### Input material
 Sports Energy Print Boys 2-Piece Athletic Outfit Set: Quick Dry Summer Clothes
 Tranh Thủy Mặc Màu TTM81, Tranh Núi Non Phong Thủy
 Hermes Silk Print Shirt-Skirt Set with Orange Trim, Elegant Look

...

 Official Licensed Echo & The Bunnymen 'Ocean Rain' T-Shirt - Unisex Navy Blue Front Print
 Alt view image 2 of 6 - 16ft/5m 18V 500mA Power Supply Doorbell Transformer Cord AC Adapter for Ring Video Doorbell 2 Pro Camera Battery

### Your goal
The lines above, starting at the one with "Sports Energy Print" and ending at the one with "Hermes Silk Print", are the only ones to return, exactly as written.

### The completed task
 Sports Energy Print Boys 2-Piece Athletic Outfit Set: Quick Dry Summer Clothes
 Tranh Thủy Mặc Màu TTM81, Tranh Núi Non Phong Thủy
 Hermes Silk Print Shirt-Skirt Set with Orange Trim, Elegant Look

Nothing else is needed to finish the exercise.